Steffi Nerius, haben Sie Ihre Nominierungen zur NRW-Sportlerin eigentlich noch alle im Kopf? Ich glaube es müssten jetzt insgesamt sechs sein, aber genau weiß ich das nicht. Nach meiner Silbermedaille von Athen 2004 habe ich zahlreiche Leute motiviert, damit sie für mich abstimmen, aber es hat dennoch nicht mit dem Sieg geklappt, ich wurde Zweite.
Wie lautet Ihr Saisonfazit? Anfang des Jahres war ich sehr gut drauf, dachte, es könnte die beste Saison überhaupt werden. Dann haben mich seit April immer wieder Verletzungen zurück geworfen. Probleme im Ellenbogen, Knie oder der Ferse haben mich stark behindert, dennoch konnte ich das Beste aus dieser Situation herausholen. Nämlich die WM-Bronzemedaille in Osaka. Mit welchen Erwartungen sind Sie in Japan an den Start gegangen?
Gerne hätte ich 65 oder 66 Meter geworfen, dann sind es 64,42 Meter geworden. Zwar bin ich über die Medaille sehr glücklich, aber ich wäre auch mit einer neuen Bestleistung und dem fünften Rang zufrieden gewesen.

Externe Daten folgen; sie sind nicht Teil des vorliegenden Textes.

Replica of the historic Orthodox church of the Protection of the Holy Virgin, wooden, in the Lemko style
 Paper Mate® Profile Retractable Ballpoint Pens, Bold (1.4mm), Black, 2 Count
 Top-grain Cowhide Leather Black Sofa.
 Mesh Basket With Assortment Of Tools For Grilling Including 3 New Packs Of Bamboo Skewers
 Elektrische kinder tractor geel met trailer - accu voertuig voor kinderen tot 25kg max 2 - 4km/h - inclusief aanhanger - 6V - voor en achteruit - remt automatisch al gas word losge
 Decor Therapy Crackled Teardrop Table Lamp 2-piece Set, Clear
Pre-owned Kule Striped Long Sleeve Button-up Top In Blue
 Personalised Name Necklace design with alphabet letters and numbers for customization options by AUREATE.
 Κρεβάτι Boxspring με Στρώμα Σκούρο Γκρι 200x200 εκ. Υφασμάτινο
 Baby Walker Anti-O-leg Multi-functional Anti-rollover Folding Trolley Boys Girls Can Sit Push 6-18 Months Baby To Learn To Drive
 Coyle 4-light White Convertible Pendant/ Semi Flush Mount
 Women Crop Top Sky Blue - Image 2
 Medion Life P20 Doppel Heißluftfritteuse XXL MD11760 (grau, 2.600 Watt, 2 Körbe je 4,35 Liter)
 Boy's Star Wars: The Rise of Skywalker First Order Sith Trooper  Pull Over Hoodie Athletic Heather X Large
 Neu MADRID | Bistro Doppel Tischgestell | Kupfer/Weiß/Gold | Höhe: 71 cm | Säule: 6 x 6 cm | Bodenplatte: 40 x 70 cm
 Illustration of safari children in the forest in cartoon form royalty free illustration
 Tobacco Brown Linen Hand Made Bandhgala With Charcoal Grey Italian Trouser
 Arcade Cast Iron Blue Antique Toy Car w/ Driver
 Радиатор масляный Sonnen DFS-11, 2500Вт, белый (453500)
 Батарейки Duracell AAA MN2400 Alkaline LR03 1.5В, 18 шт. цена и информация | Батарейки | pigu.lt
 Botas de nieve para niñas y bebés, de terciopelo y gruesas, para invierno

Aber ich habe das Beste gezeigt, was an diesem Tag ging. Seit sechs Jahren stehen Sie regelmäßig auf dem Podium, diese Serie soll auch in Peking halten, oder? Natürlich will ich beim Saisonhöhepunkt wieder unter den ersten drei Plätzen landen. Ich fahre nicht dorthin, um im Finale dabei zu sein.
Ist die Farbe der Plakette dabei egal?
Eigentlich schon, aber mein Traum ist ganz klar der Olympia-Sieg. Ich bin aber auch realistisch genug, um zu sehen, dass man dafür 68 oder 69 Meter werfen muss. Das habe ich auch drauf, aber wenn ich meine Bestleistung abrufe und die anderen einfach besser sind, ist das ebenfalls okay.
Welche Gefühle kommen bei Ihnen auf, wenn Sie an die Olympischen Spiele denken?
Das ist das Schönste, was man als Sportler erleben kann. Ich bin jetzt nicht mehr in der Situation, wo dabei sein alles ist, aber die Erfahrung ist immer noch einzigartig. Ich freue mich schon auf das Dorf und hoffe, dass ich mir vor Ort einiges ansehen kann. Ich reise auch zehn Tage vor meinem Wettkampf an. Bei Ihrem ersten Auftritt 1996 in Atlanta waren Sie noch ziemlich nervös!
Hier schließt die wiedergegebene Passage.